At that stage, I had never surfed and his following descriptions seemed so vivid and pure:

“It feels like being in a tree and getting blown all around.”

“It feels like the window blinds when you let go and it flies up really fast.”

“It feels like riding on a bird.”

“It feels like you’re running away from a car going really fast.”

Now we are a surfing family with some of our best times together spent waiting for and chasing waves.

“Mum, you dropped in on me,” my daughter will admonish me some days as if she hasn’t caught a thousand more waves than me in her life. My son takes wave after wave as I paddle onto another face only to be brushed off by a 12-year-old.

I am a late starter. A post-forty mum in a steamer. A few Christmases ago, the kids and bloke got me a sealed, long sleeve, long leg wetsuit. Some days I come out of the water and my bathers are still half dry underneath. It’s a revelation.

But the greatest revelation is the sense of happiness mixed with calm and exhilaration, all brought on by floating on my fiberglass 7’4″ and scanning the horizon for waves. Some days it’s grey and the sky looms heavy above us. Rain falls with slow drops, but on those days the waves are clean and uncrowded, and the four of us surf til we are too tired to push ourselves up, then run for the carpark as the storm breaks.

Other days, we might fight for space at a popular point break, watching hipsters and old dudes catch multiple waves on their longboards in the warm NSW coastal water. Or we go further afield while camping and surf our biggest waves ever, finishing off with wipeouts, a campfire, and a sausage.

Initiatives in the UK have explored the benefits of surfing for those suffering depression or low self-esteem, with programs focusing on disadvantaged kids. While the data cannot claim direct effect, researchers do talk about the feelings of stoke — that feeling of physical and spiritual life-force recharging us. New York scientist Zenven Wu, in an interview with Tim Baker, links stoke to the negative ions formed through the interaction between water and oxygen, for example, breaking waves. Negative ions are said to help elevate mood and produce increased serotonin levels.

Closer to home, non-profits like One Wave depression, anxiety, and bipolar disorders. Their belief is that all it takes to give you hope is have that “feeling of being on a wave, letting everything go and enjoying the moment.”

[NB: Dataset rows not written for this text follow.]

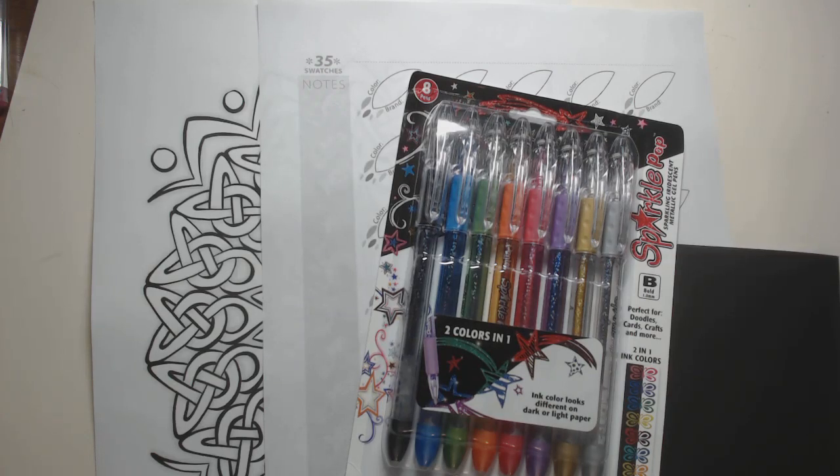Hi everyone. So I'm going to do something a little different today. It's kind of like a review, but since I'm really looking at these for the first time, I guess you would call them first impressions. I wouldn't want to set what I decide about these in concrete or anything, because the more I use them, I may change my mind, which has happened before.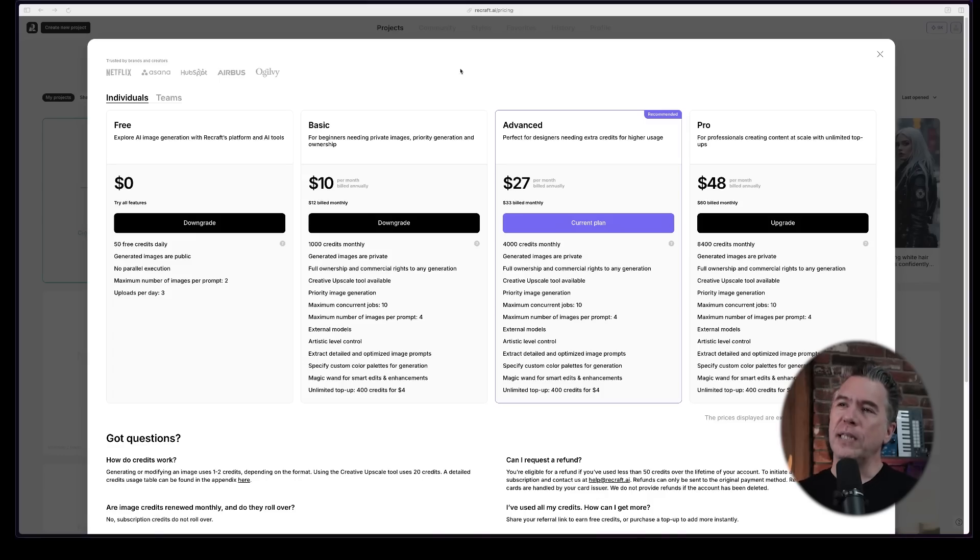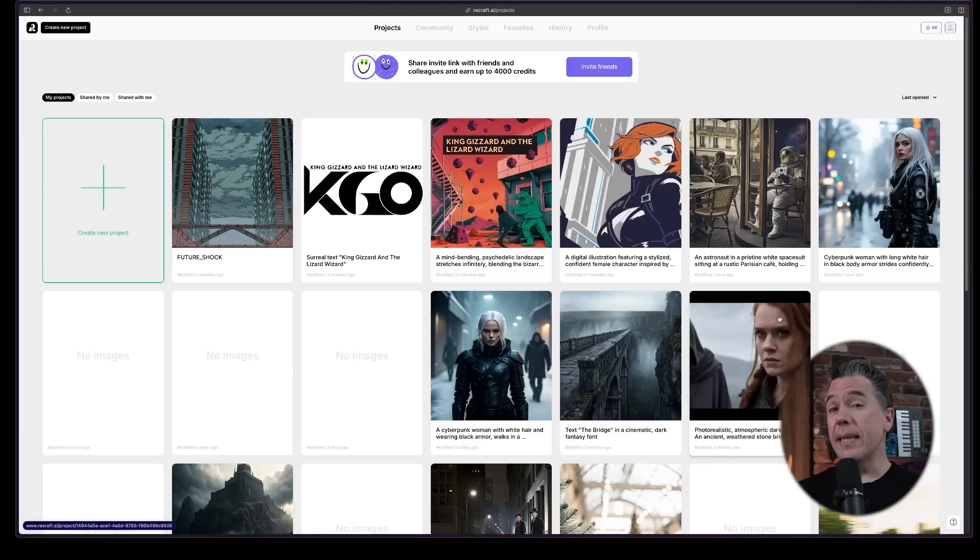I recommend giving ReCraft a shot. I'm over here making comic books and album covers — I'm sure you have much more mature use cases for it. There is a free tier at $0 with 50 free credits a day. Plans range from $10 a month annually to $48, or $12 monthly to $60 monthly. I also have a coupon code down below provided by the fine folks at ReCraft. Playing around with ReCraft has really inspired me to get better at vector graphics and Illustrator in general — so hey, thanks to them for that. As always, thanks to you for watching. My name is Tim.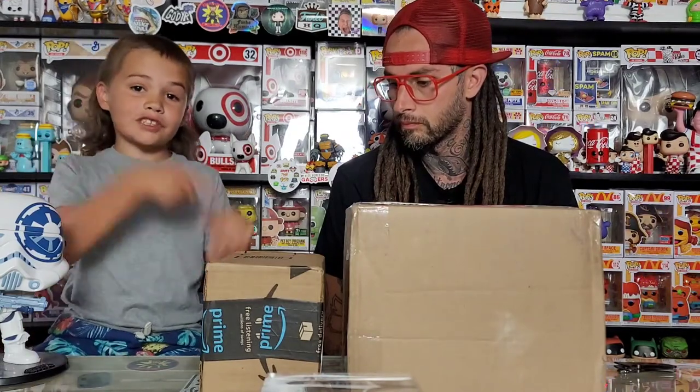What's up Staggpopsters! Today we got a box from Manny and a new pop from Amazon, so let's get started.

And in my own experiences since that first time my five-year-old proclaimed he’d just ridden a tiger, I’ve learned that even the simple sound of water slapping at the base of my board is music to my ears. I know that being in the ocean brings a calm sense of contemplation mixed with fierce purpose. I’m not too fussed about getting the most waves — though my children are — I am just happy to be paddling, bobbing, striving, and sometimes flying.

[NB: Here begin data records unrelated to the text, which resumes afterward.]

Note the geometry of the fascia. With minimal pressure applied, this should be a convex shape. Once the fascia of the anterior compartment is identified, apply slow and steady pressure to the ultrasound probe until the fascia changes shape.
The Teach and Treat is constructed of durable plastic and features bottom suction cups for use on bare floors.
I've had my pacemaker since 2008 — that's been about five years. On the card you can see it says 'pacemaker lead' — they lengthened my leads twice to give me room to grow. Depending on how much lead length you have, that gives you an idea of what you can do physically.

When we think of the “Zen of Surfing,” the experience of riding the waves and dealing with chaos can help people manage the emotional challenges of life and death, or samsara. This is how I have felt recently, as I navigated the grief of my father’s death. As the horrendous hand of grief would come to strangle my throat and the fingers grab at my intestines, my mind would hold fast to the mantra “little waves, little waves.” It’s a call to calm that we have used with the kids over the years. It’s like breathing, the inevitable cycle of in and out, of the coming and the going, the push and the pull, the force and the froth, and the subsequent calm — we can make sense in these moments when we breathe through the turmoil and take off. Just like riding on the back of a bird.